The selective pressure for having a healthy cardiovascular system in an organism in its fertile age has evolved a number of gimmicks to prevent damage to RBCs (anti-oxidant buffers and enzymes) and to locally repair it (redox enzymes: glutathione peroxidase, glutathione reductase, peroxiredoxins, methemolgobin reductase). In the absence of a biosynthetic machinery that turns over the single molecules, it has evolved the ability of removing damaged components with the 'pitting' function of the spleen and the reticulo-endothelial macrophages, which continuously keep the RBC in check. It is by this mechanism that RBCs are maintained in a functional state until the very end of their life and go back to the bone marrow to die.[6] It is because of this that the in vitro aged RBCs, suffering from the storage lesion for being kept under blood bank conditions for a fraction of their potential life span in vivo, differ so much from the old circulating RBCs.

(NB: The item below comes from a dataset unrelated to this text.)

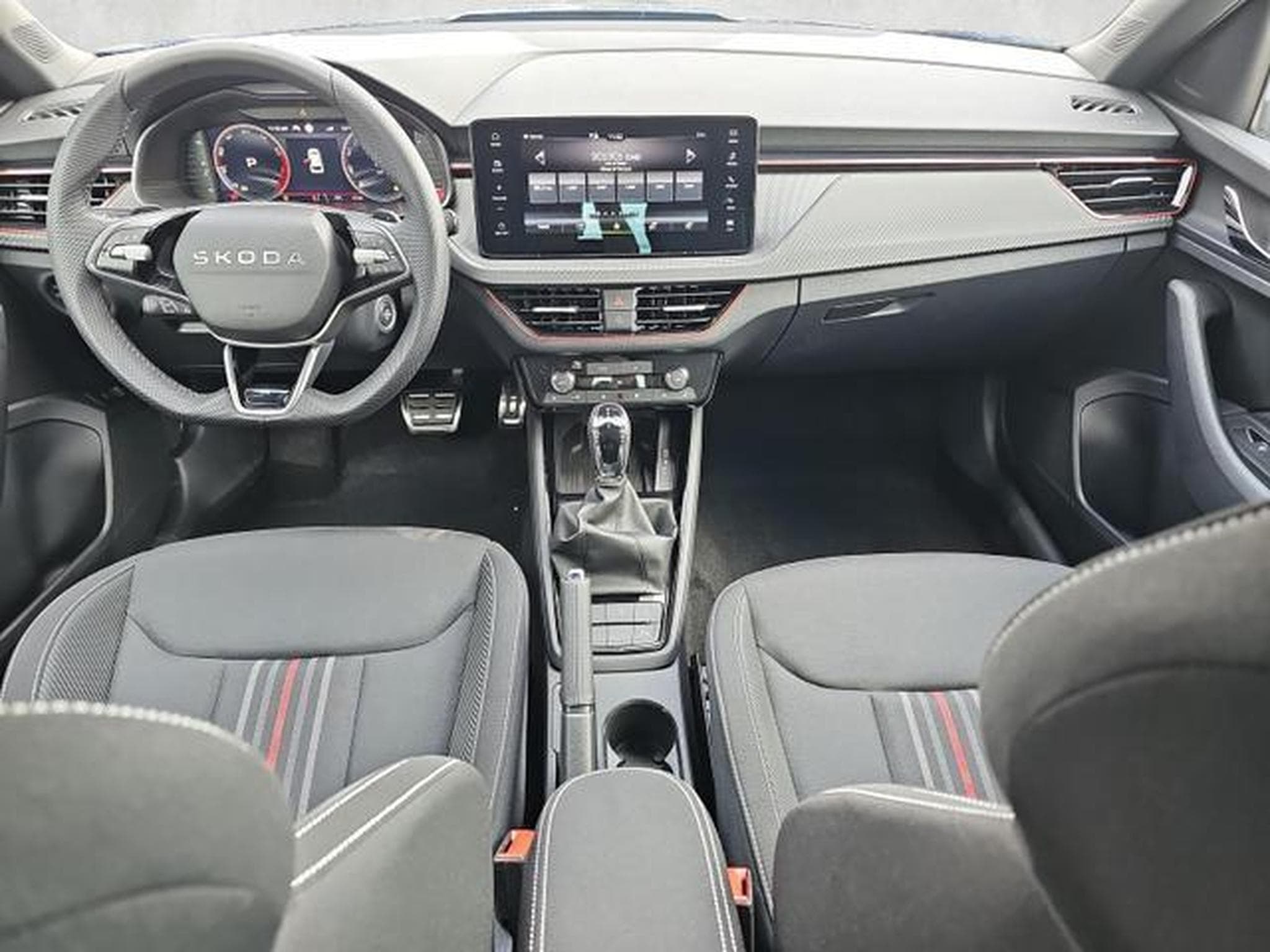 Skoda Kamiq Monte Carlo (2026) - Photo 11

Therefore, RBCs in vivo may well serve as a unique cellular aging model to investigate molecular properties altered in the process of aging as outlined below with their intrinsic advantages, i.a. their limited lifetime and the easy accessibility of these primary cells. However, experimentally this may require either singe-cell proteomics for the protein 4.1a/b ratio or to mark reticulocytes at a certain time point and transfuse them back into the circulation to be able to know their age.[19] Another interesting aspect of RBCs as model cells in cell aging research is comparative physiology and the variability of the average lifetime of RBCs as plotted against the protein 4.1a/b ratio in Figure 1 also considering random clearance of RBCs.

Although every cell type belonging to a multicellular or multi-organ living being may have its own peculiar individual features in terms of propensity to accumulate and display senescence properties, the proteins in the RBCs are among the longest lived intracellular molecules and are not subjected to turnover, they contribute to the multifactorial aging process of the whole organism. Is the lack of turnover of these proteins due to selective pressure not playing a role on proteins that deteriorate relatively late with respect to the reproductive age of the subject? Recent studies on aging have found peculiarly long-lived proteins, which appear to escape turnover such as myelin and histone proteins.[20] But these are found in post mitotic cells of essential organs and because they are subtracted, for reasons that are still mysterious, to the general rule of change, they may be among the molecular culprits on which to focus the attention.